President Obama on jobs in our exclusive interview #ObamaToday:
Why, at a time when corporate America is enjoying record profits, have you been unable to convince businesses to hire more people, Mr. President?
"..I don't think it's a matter of me being unable to convince them to hire more people...They're making decisions based on what they think will be good for their companies...
There are some structural issues with our economy, where a lot of businesses have learned to become much more efficient with a lot fewer workers. You see it when you go to a bank, and you use-- a ATM, you don't go to a bank teller. Or you go to a retail store, and there are very few people-- who are working. Or you go to the airport, and you're using a kiosk, instead of-- checking in at the gate.
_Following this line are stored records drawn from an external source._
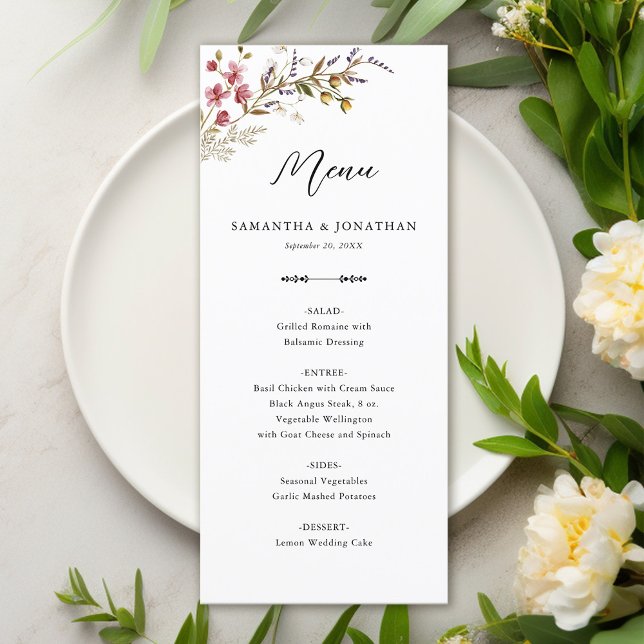 Fall Floral Wildflowers Wedding Reception Menu (Creator Uploaded)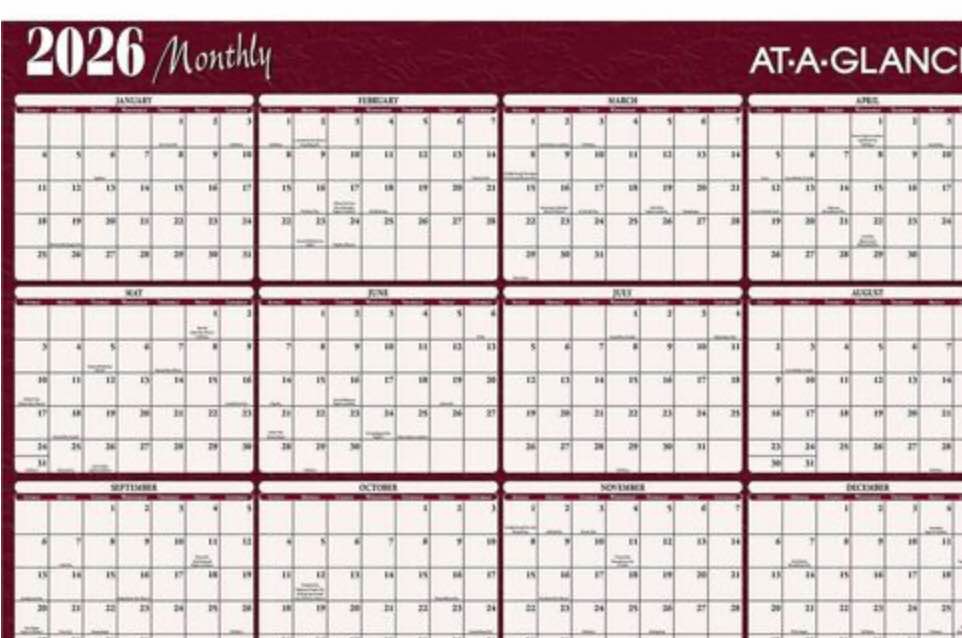 at-a-glance horizontal reversible erasable wall calendar - extra large - yearly - 12 month - january 2026 to december 2026 - 48" x 32" sheet size - white sheet - 1.63" x 1.50" block - burgundy - laminate - erasable, laminated, reversible, write on/wipe of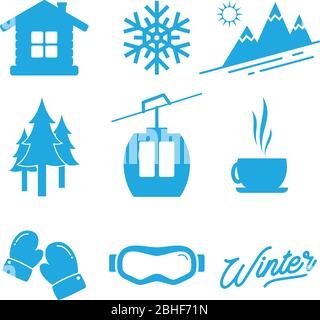 Imposta l'icona invernale con grafica piatta e colore blu. Disegno piatto icona inverno per il web. Illustrazione vettoriale EPS.8 EPS.10 Illustrazione Vettoriale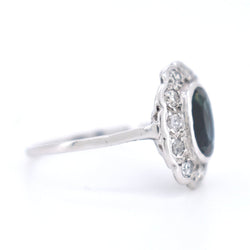 Bague Marguerite Or Saphir et Diamants - Art Déco - Castafiore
So all these things have created changes in the economy.
And what we have to do now, and that's what the jobs council is about, is identifying where the jobs for the future are gonna be. How do we make sure that there's a match between what people are getting trained for, and the jobs that exist?
ANN CURRY: That said, you know that with 14 million Americans unemployed, and another eight-and-a-half-- are unable to get full time work, that there is a lot of human suffering--
PRESIDENT OBAMA: Absolutely.
..attached to this. We're talking about bankruptcies, homelessness, hunger. People also suffering a tremendous amount of psychic pain. The stress of this, the shame of this. And--people have started to wonder, because you speak so calmly about this, whether you really, truly empathize with these people, who've lost their jobs..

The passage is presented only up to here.